Sunday, March 18, 2012

Hockey Game: If not for the hockey, then for the ridiculous people

This past Friday I went to a hockey game with some co-workers and friends, Sky and Tim. They generously allowed me to use their extra ticket, so it was free! Those of you who know me know that my favorite price is free!

The teams: The Grand Rapids Griffins VS. The Toronto Marlies.

I'm going to be honest with you, I have no idea what  Marlie (Marly?) is, but I also haven't felt inclined to look it up.

I had a good time hanging with Sky and Tim and "rooting" for the Griffins (I mainly "yelled" in a deadpan voice things like "do better" "you should get a goal" "that's not the correct way to play" and "you're supposed to hit the puck." I'm a fun time at a hockey game- right Sky and Tim?? ;P)

Here is a picture of Tim and Sky- they were thrilled for me to take their pic for the blog, as you can see ;):

Well the Griffins lost 2-0, but the sad part was that they weren't showing off very impressive playing. That being said, I probably couldn't score a goal to save my life, so I shouldn't talk.

What I can say is that between the 3 of us and the group of young adults behind us, there were some funny and ridiculous moments.
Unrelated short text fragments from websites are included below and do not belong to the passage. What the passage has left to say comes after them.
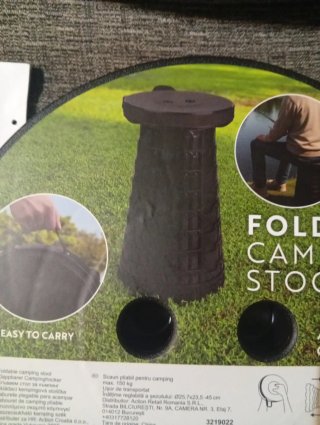 Taburete Plegable Camping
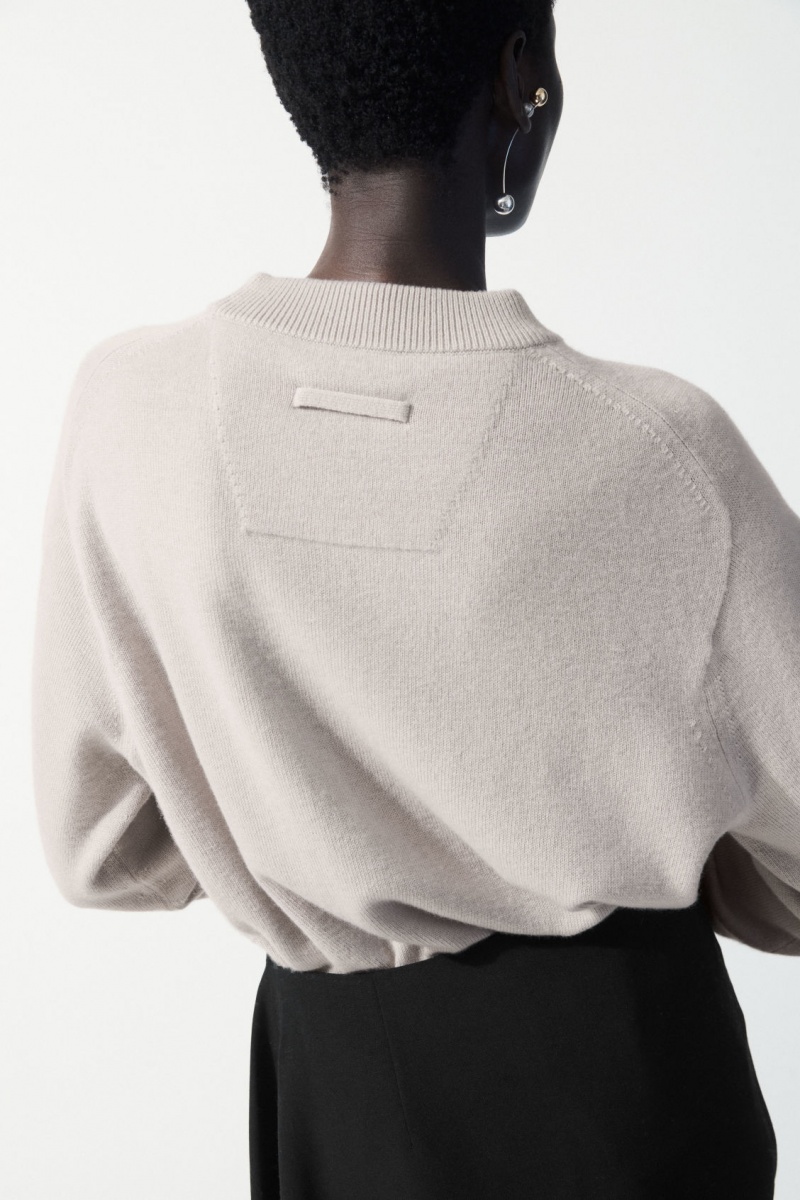 Women's COS The Essential Cashmere Sweaters Beige NZ-13YNOJCLW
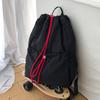 Schoolbag New Casual Backpack Drawstring Beam Contrasting Color Versatile Large Capacity Outdoor Mountaineering Hiking Backpack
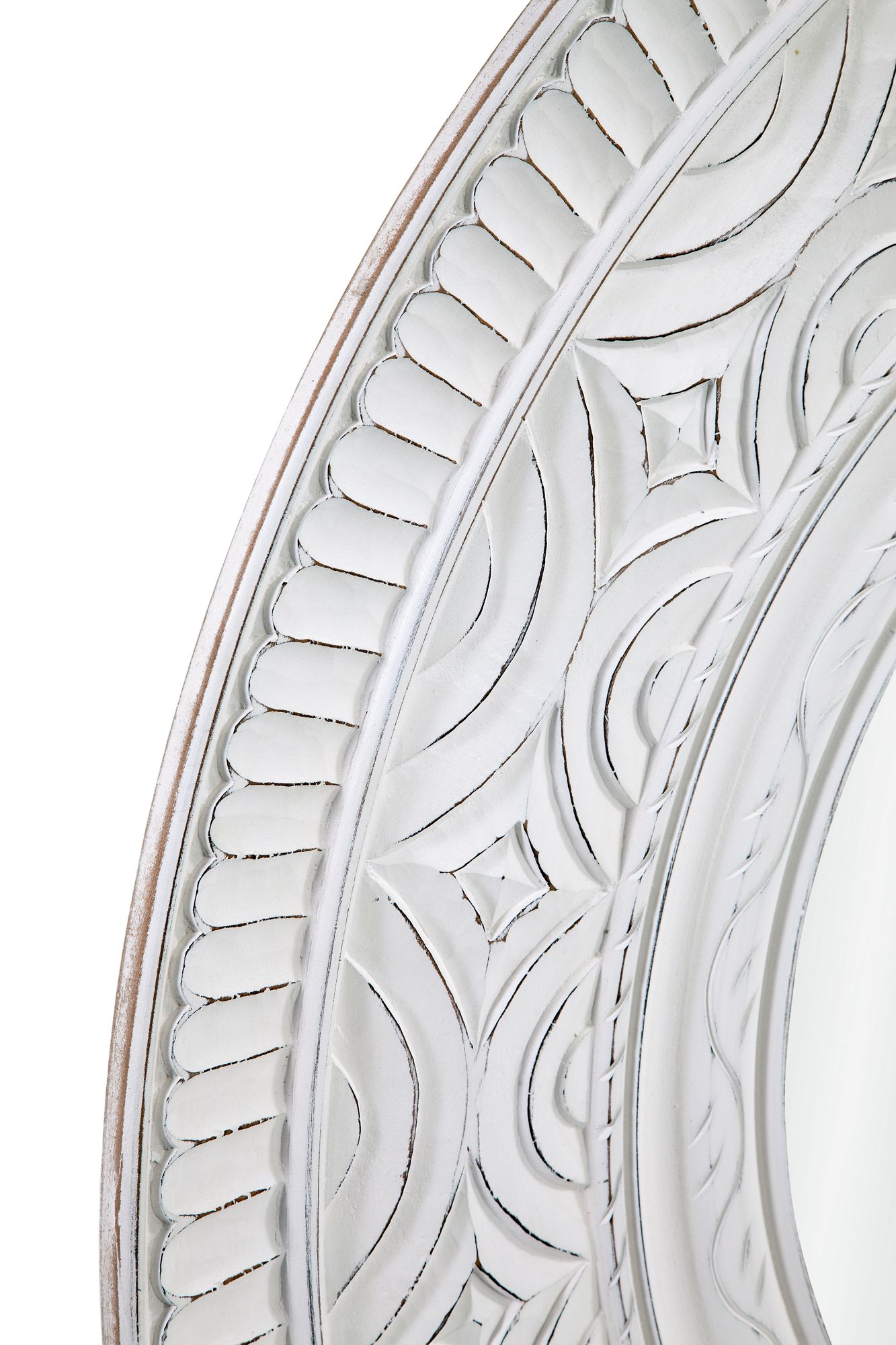 Image 2 Holland 48"H French Country Styled Wall Mirror more views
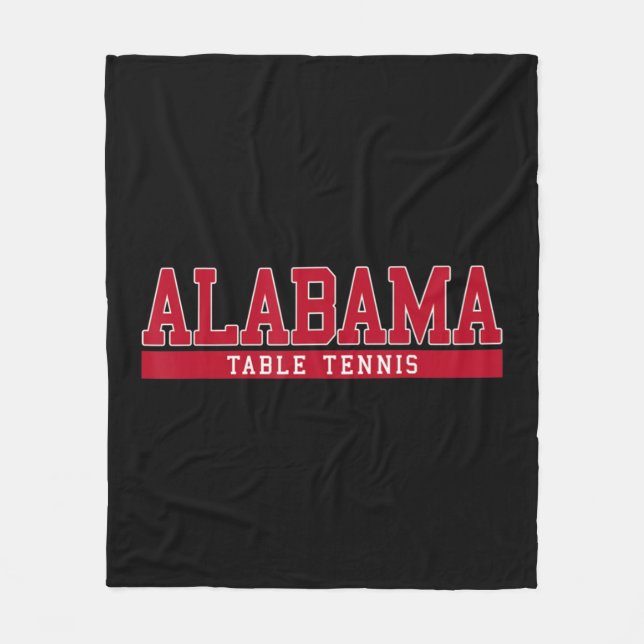 Alabama Bord Tennis Fleecefilt (Framsidan)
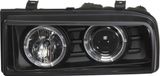 Set AutoStyle Set Koplampen passend voor Volkswagen Corrado - Zwart - incl. Angel-Eyes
For you, my lovely blog readers, I diligently took notes on my cellphone so that I could share right now.  Here are some of the best ones:


What I said: "That's one of those situations. It could have gone terribly, terribly wrong."

What Sky thought I said: "Good thing we had a pair of Asians. That could have gone terribly, terribly wrong."

Guy behind us (later found out his name is Cory): "I bet I can beat you at drunk driving. I'm really good at it. I just put the AC on, roll down the windows and turn up the music. The biggest problem I have is that I get really sleepy when I drink. You just have to practice." side note: I had a really hard time not turning around and giving them an earful about being dumb-asses at this point.

Cory: "They like Moses and Elmo?! I'm naming a kid pepper." note: there is some debate between Sky, Tim and I on this. I could of swore he was talking about a kid. Sky says a pig. Tim says a dog. Though an animal would make more sense, a kid is funnier. That and because it's my blog leads us to the quote as is.

Cory: "I'd seriously fudknuckle him in the balls!"

Girl behind us: "And I was all... 'you're old.' And he was like, 'no I'm not." And I was like 'you're 30.' And he was like 'I'm 28 for 3 more weeks.' And I was like 'for all intents and purposes you're 30. I'm already planning your 30th birthday party it's so close.' And he was all 'you're almost 30, too.' And I'm all "no I'm not.' And he's like "well, you're not 20 and you can't go back in age.'"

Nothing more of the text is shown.